Kathleen Capetta helps Brower run what they both see as an experiment in rebuilding trust in news. "We're present, we're visible, we're real," she said. "We're not behind a screen."

And would that experiment work if the food weren't good? "Absolutely not, no!" Capetta laughed.

"It's good, classic diner food, but a little bit elevated, which is I think kind of like our paper," said deputy editor Alex Seitz-Wald. He is the face of the newspaper when he parks himself in the cafe on Friday mornings to hear complaints, story tips, whatever. "Having a place where people can vent, or can say something, and have it be heard, I think is really valuable," he said.

Seitz-Wald was an NBC politics reporter in Washington, D.C., for a decade before taking a chance - and a pay cut - to work for the Midcoast Villager, a start-up in a field where two newspapers die every week.

How's the Villager doing? Circulation revenue, we're told, is 40% above what all four papers it replaced took in - so, promising.

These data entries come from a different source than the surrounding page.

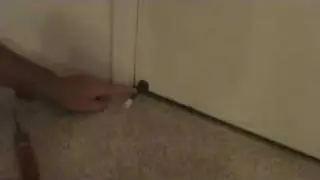 Installing a door bumper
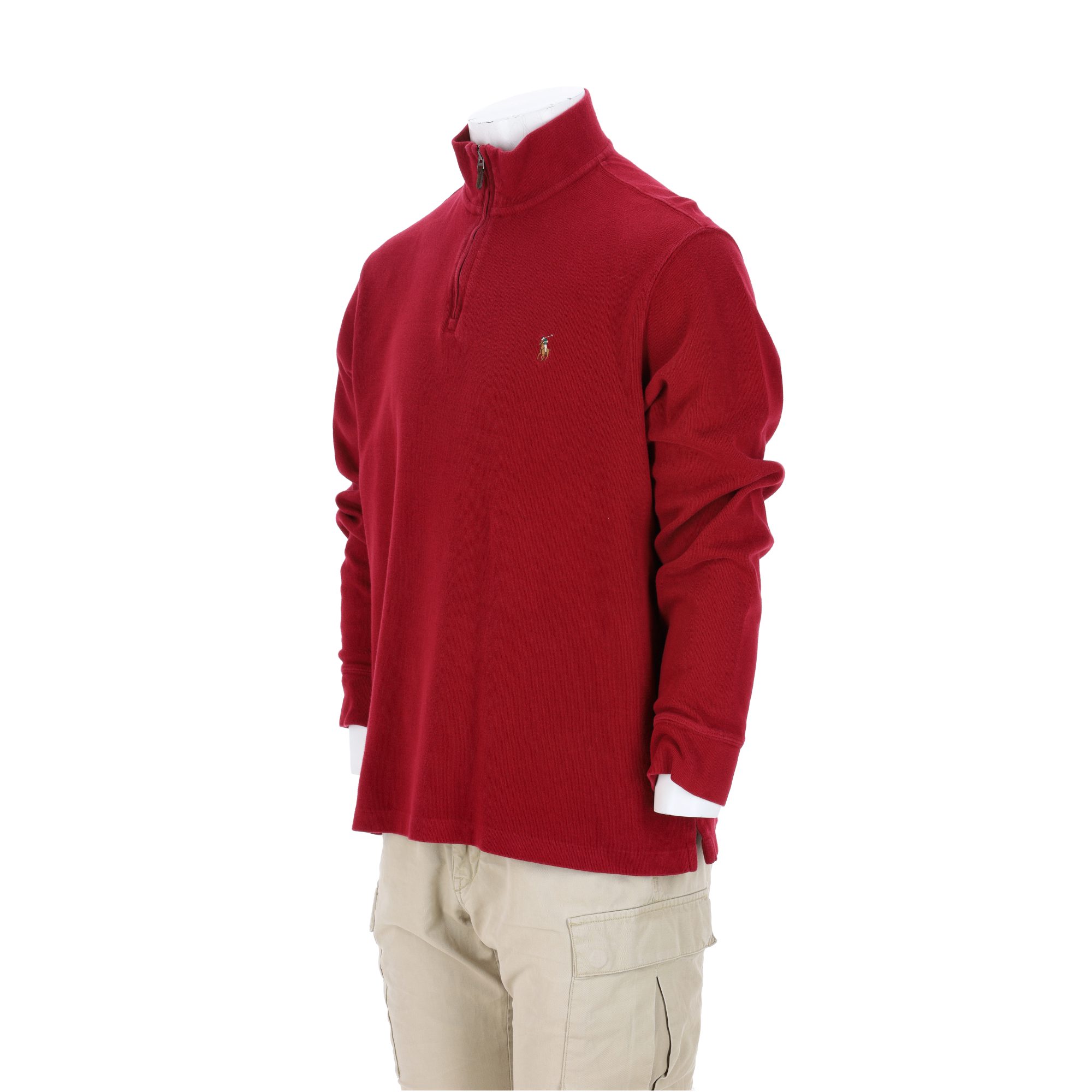 Pull Homme  col camionneur Rouge 4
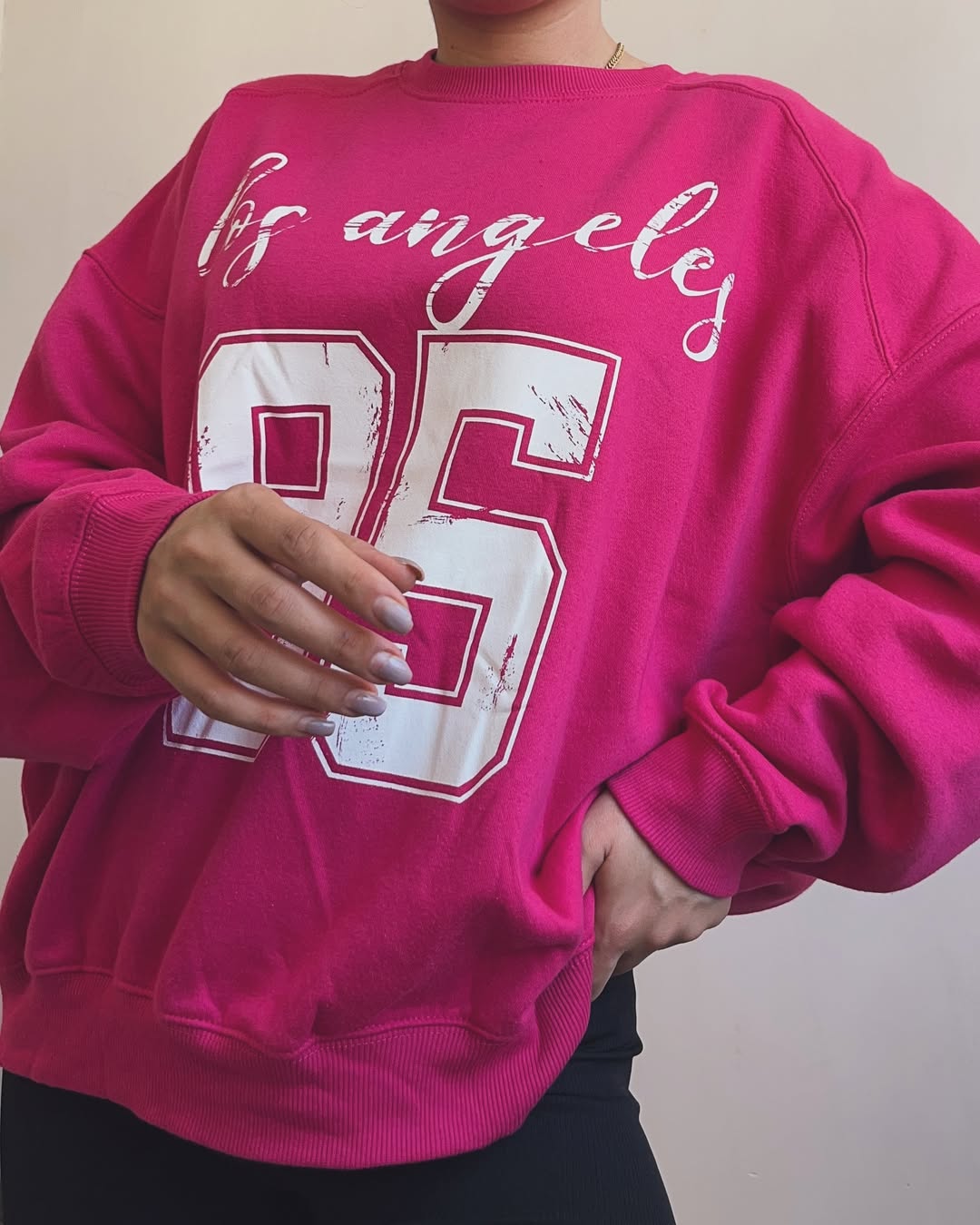 Women’s Oversized Casual T-Shirt –, Round Neck, Half Sleeve,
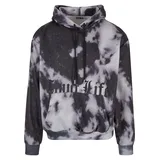 Thug Life Hoodie Grau/Schwarz XL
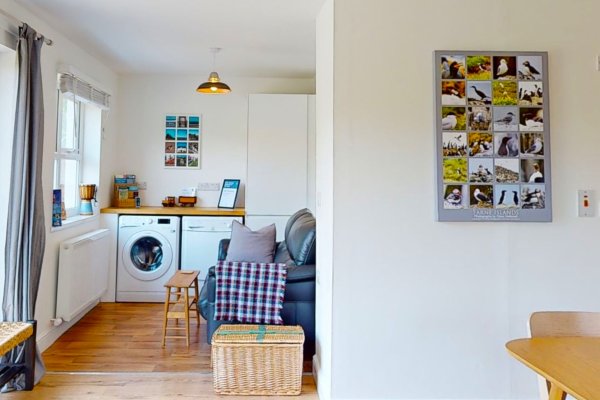 4_Schoolhouse Fenwick-open plan kitchen diner with additional seating with garden view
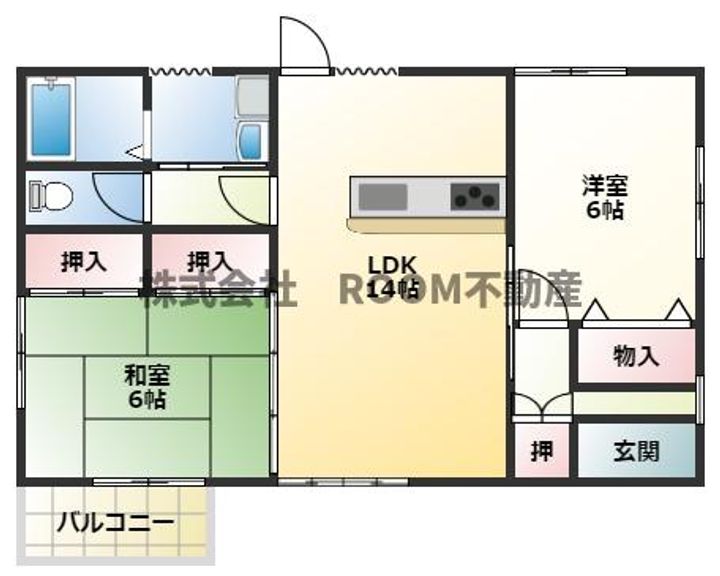 宮崎県都城市山田町中霧島(一戸建)の賃貸物件の間取り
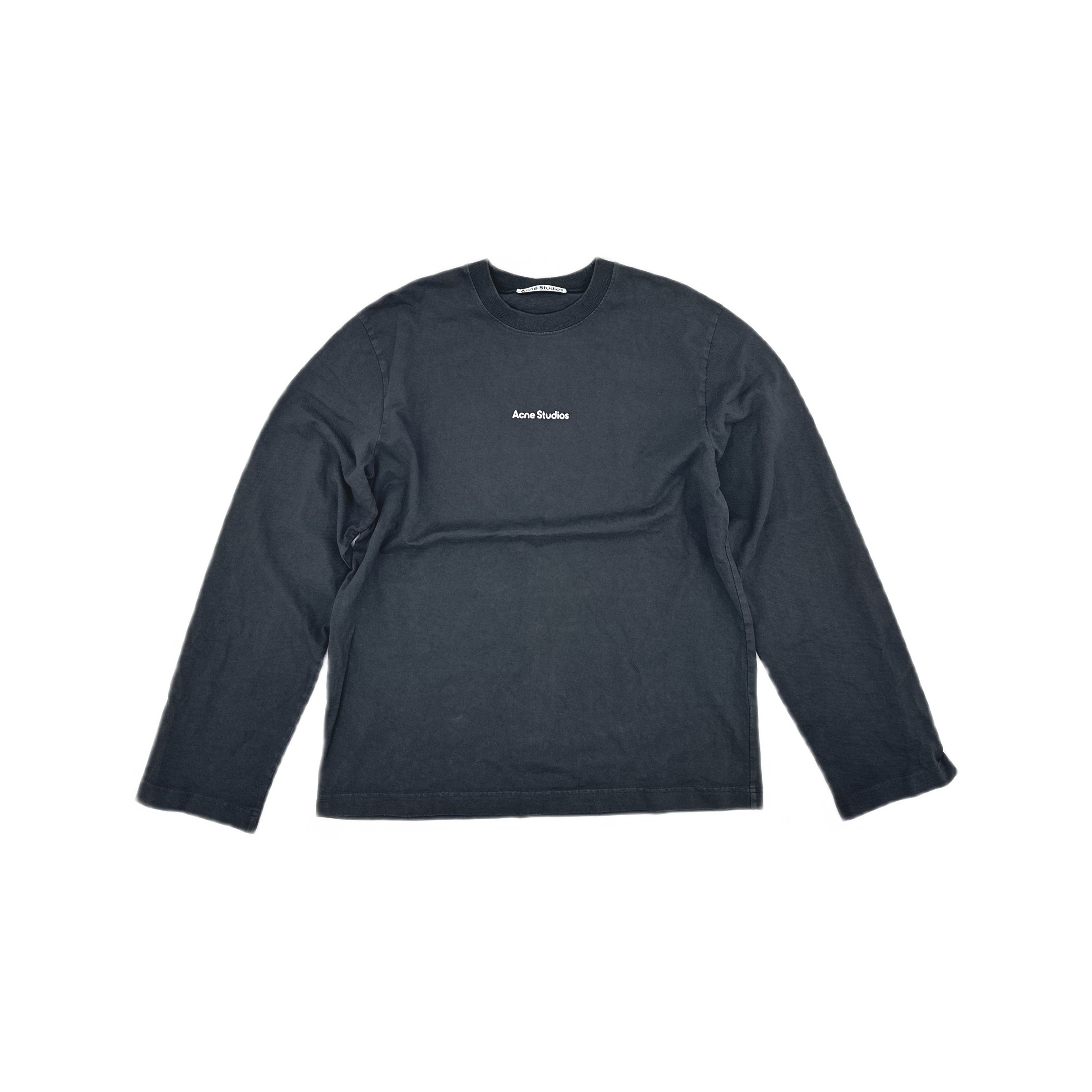 Acne Studios Acne Studios Logo Long Sleeve T-Shirt M Size US M / EU 48-50 / 2 - 2 Thumbnail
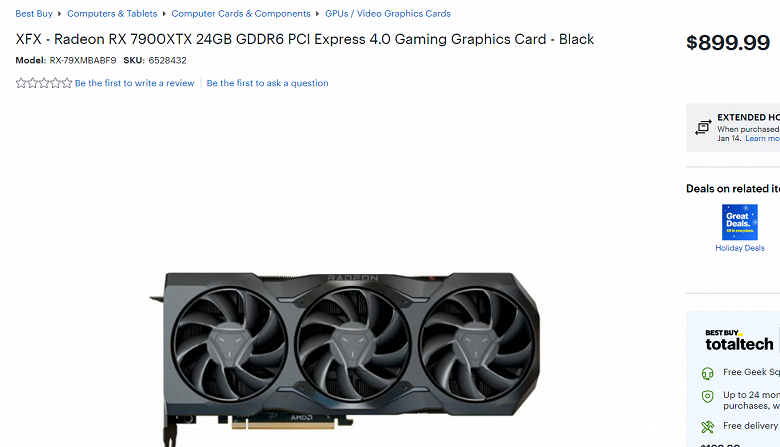 Сможет ли AMD на этот раз? Видеокарты Radeon RX 7900 уже появились на сайтах и по нормальным ценам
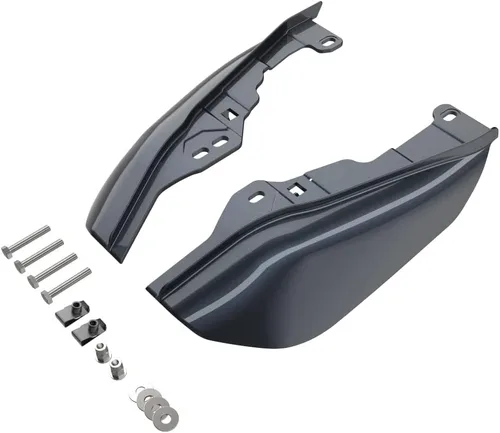 Vista 132 de Advanblack Deflectores de aire Road Glide de marco medio 2024 compatibles con Harley Touring Street Glide, Road King, Electra Glide, 2009-2025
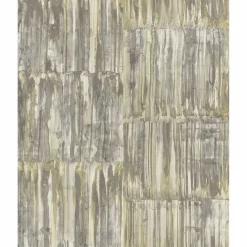 Brewster/ASP 2540-24065 Patina Panels Yellow Metal Wallpaper Sale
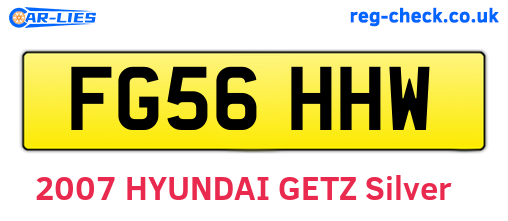 FG56HHW are the vehicle registration plates.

"I'm quite glad that I still have a newspaper to work for," said Glenn Billington. A local news lifer, he's the optimistic ad salesman and columnist for the Midcoast Villager just as he was for one of its now-defunct predecessors.

The mascot on the paper's masthead is Vern, who is the epitome of Midcoast Maine. "He sure is," said Billington. "Look at his sou'wester. He's got the hat that you wear when the wind blows from the southwest and it brings rain. And he's got the telescope. Vern's looking at the future of newspapers."

What one sees at the Villager Cafe is old-fashioned - people sitting down at tables, eating and talking and looking at each other eye-to-eye. Or as Brower put it, "You're picking up what we're putting down."